▶ [THE TASK] Only one stretch of the data below is wanted: the lines starting at the one with "Muestra un fémur" and ending at the one with "Watery Mouth Metal", both included, given again exactly.

▶ [EXTRACTED RECORDS]
* * * * *

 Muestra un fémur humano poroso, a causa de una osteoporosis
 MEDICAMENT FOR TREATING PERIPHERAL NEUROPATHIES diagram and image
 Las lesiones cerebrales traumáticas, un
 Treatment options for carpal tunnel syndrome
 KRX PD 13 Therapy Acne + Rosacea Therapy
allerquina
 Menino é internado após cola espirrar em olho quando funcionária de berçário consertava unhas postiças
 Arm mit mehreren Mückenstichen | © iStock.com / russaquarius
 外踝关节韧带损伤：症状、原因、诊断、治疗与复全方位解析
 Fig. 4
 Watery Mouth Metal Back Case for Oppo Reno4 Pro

* * * * *

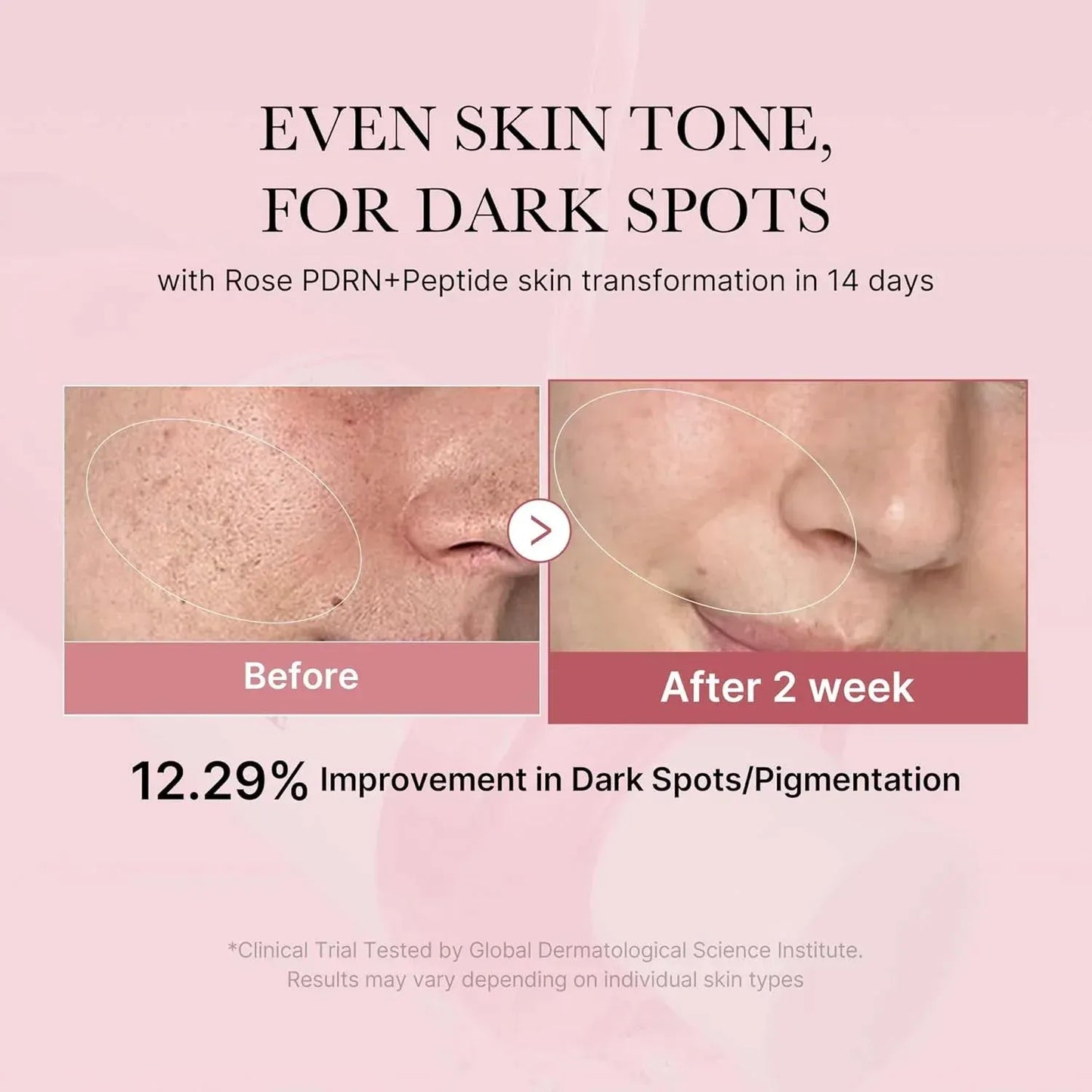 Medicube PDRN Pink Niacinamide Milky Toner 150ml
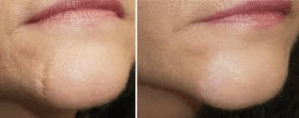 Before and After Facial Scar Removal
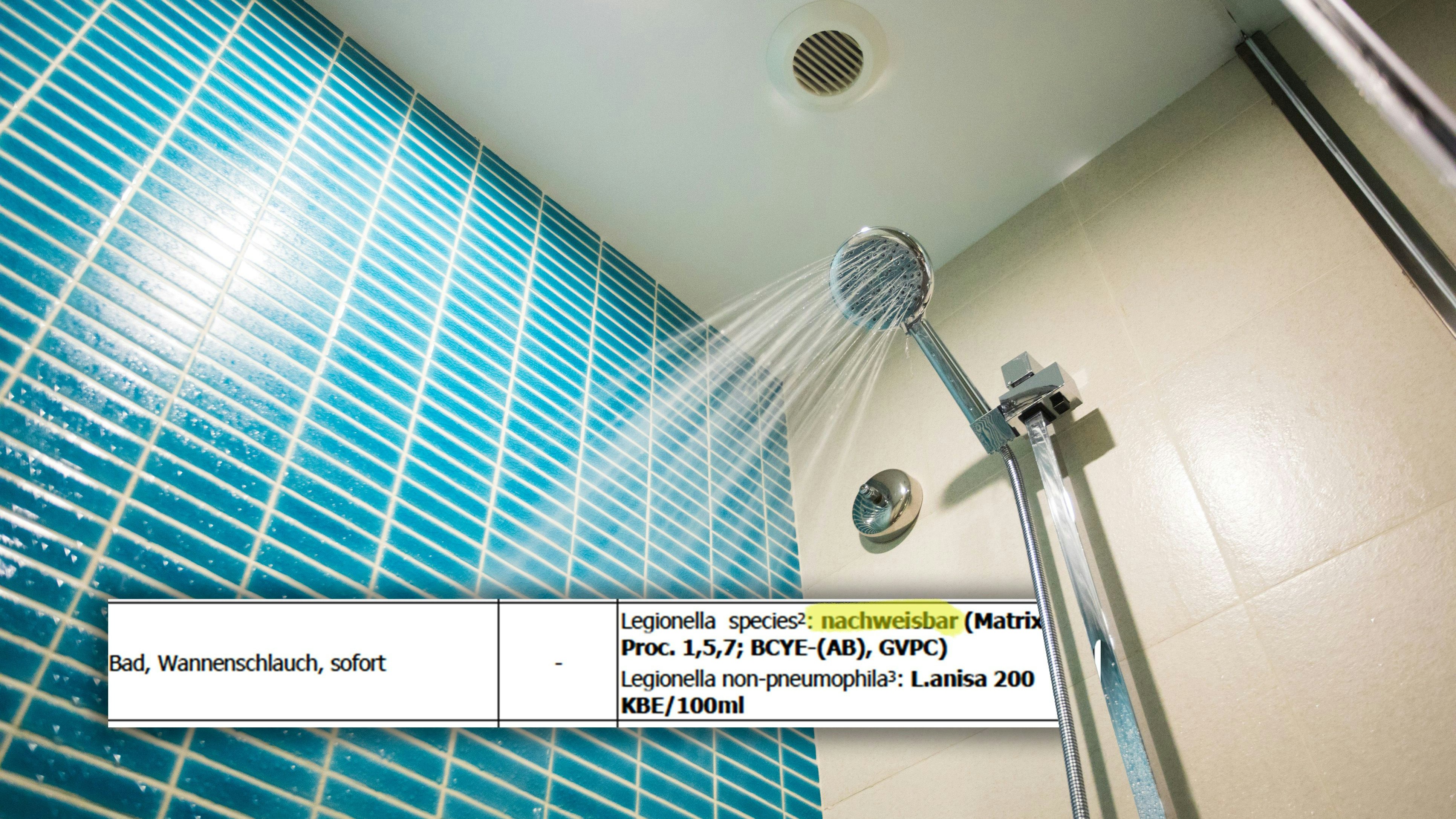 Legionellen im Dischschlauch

* * * * *

▶ [YOUR SOLUTION]
 Muestra un fémur humano poroso, a causa de una osteoporosis
 MEDICAMENT FOR TREATING PERIPHERAL NEUROPATHIES diagram and image
 Las lesiones cerebrales traumáticas, un
 Treatment options for carpal tunnel syndrome
 KRX PD 13 Therapy Acne + Rosacea Therapy
allerquina
 Menino é internado após cola espirrar em olho quando funcionária de berçário consertava unhas postiças
 Arm mit mehreren Mückenstichen | © iStock.com / russaquarius
 外踝关节韧带损伤：症状、原因、诊断、治疗与复全方位解析
 Fig. 4
 Watery Mouth Metal Back Case for Oppo Reno4 Pro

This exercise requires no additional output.